Bond was startled to see a tall, dark-haired man pointing a gun right at him. Guzman put the phone down and smiled broadly. "Welcome to my shop, Mr. Bond. I've been told to expect you."

Bond should have known. Guzman was only pretending to be on the phone, lulling Bond into a false sense of security while his goon got into position to get the drop on him. Where did he come from? Probably hiding from somewhere behind the counter, no doubt.

Bond held up the vase with one hand and calmly asked, "How much for this?"

For the first time, Guzman looked apprehensive. "Careful, please, Mr. Bond! That's a Ming Dynasty vase, we wouldn't want to damage it."

"Oh, I'm sorry," Bond said. He glanced at the man who held the gun on him. "Here, you'd better hold this, then."

He tossed the priceless vase right at the armed man.

"Grab it!" Guzman screamed in horror. "Grab the vase, Philippe!"

As Bond expected, Philippe forgot all about him and grabbed the vase with both hands.
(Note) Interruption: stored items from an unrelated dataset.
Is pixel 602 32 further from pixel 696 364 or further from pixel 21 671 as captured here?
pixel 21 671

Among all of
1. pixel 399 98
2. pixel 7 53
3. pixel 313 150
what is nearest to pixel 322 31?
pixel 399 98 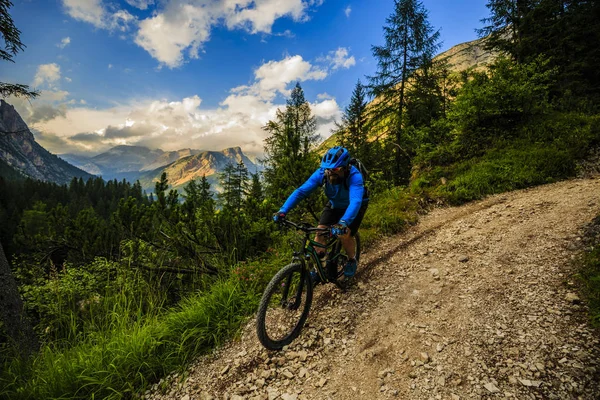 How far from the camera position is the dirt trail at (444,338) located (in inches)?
107

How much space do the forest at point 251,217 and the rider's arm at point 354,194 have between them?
7.48 feet

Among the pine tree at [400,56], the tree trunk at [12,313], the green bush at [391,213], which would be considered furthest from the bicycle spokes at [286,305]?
the pine tree at [400,56]

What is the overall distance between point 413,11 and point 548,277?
16977 millimetres

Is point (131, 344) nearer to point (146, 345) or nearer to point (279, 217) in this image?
point (146, 345)

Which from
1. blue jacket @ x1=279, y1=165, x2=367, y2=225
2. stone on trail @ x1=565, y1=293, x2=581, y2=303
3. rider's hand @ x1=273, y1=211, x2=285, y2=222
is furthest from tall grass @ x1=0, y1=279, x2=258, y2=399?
stone on trail @ x1=565, y1=293, x2=581, y2=303

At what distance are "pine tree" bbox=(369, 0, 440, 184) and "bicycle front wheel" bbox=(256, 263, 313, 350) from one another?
13643mm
In the spilt second it took him to do that, Bond flicked a hidden switch on the camera case, causing the Walter to drop out of the bottom and into his hand.

Bond quickly brought the Walter up and pumped three bullets right into the stunned Philippe's chest. The Walter had a silencer attached to its muzzle, which effectively muted the gunshots from the vacationers frolicking outside.

Bond swung the Walter over in Guzman's direction--only the shopkeeper was already gone. Bond removed his sunglasses and saw that a door behind the counter was left ajar.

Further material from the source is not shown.